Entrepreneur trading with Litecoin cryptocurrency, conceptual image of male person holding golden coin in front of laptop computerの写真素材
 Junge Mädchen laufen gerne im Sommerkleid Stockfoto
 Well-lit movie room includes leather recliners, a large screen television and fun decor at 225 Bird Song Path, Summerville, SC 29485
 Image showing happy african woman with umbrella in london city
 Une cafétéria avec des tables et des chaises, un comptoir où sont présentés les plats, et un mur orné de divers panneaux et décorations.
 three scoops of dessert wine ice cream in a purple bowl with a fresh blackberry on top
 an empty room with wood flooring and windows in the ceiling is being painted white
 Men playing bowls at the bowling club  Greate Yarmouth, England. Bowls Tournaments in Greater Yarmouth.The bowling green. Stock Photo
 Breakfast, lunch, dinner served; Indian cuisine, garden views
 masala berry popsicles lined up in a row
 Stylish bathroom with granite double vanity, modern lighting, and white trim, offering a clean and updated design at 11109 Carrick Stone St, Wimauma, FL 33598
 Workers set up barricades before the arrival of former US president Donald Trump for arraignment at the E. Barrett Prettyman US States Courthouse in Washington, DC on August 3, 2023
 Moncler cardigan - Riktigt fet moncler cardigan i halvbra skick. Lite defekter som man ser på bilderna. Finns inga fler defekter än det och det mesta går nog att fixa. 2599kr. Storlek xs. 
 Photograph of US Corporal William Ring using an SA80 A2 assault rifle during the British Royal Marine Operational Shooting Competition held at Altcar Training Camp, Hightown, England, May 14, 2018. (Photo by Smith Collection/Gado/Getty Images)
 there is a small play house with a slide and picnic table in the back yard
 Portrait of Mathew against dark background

______

» Task brief
Keep every word the same and copy out all of the entries.

» Task answer
Entrepreneur trading with Litecoin cryptocurrency, conceptual image of male person holding golden coin in front of laptop computerの写真素材
 Junge Mädchen laufen gerne im Sommerkleid Stockfoto
 Well-lit movie room includes leather recliners, a large screen television and fun decor at 225 Bird Song Path, Summerville, SC 29485
 Image showing happy african woman with umbrella in london city
 Une cafétéria avec des tables et des chaises, un comptoir où sont présentés les plats, et un mur orné de divers panneaux et décorations.
 three scoops of dessert wine ice cream in a purple bowl with a fresh blackberry on top
 an empty room with wood flooring and windows in the ceiling is being painted white
 Men playing bowls at the bowling club  Greate Yarmouth, England. Bowls Tournaments in Greater Yarmouth.The bowling green. Stock Photo
 Breakfast, lunch, dinner served; Indian cuisine, garden views
 masala berry popsicles lined up in a row
 Stylish bathroom with granite double vanity, modern lighting, and white trim, offering a clean and updated design at 11109 Carrick Stone St, Wimauma, FL 33598
 Workers set up barricades before the arrival of former US president Donald Trump for arraignment at the E. Barrett Prettyman US States Courthouse in Washington, DC on August 3, 2023
 Moncler cardigan - Riktigt fet moncler cardigan i halvbra skick. Lite defekter som man ser på bilderna. Finns inga fler defekter än det och det mesta går nog att fixa. 2599kr. Storlek xs. 
 Photograph of US Corporal William Ring using an SA80 A2 assault rifle during the British Royal Marine Operational Shooting Competition held at Altcar Training Camp, Hightown, England, May 14, 2018. (Photo by Smith Collection/Gado/Getty Images)
 there is a small play house with a slide and picnic table in the back yard
 Portrait of Mathew against dark background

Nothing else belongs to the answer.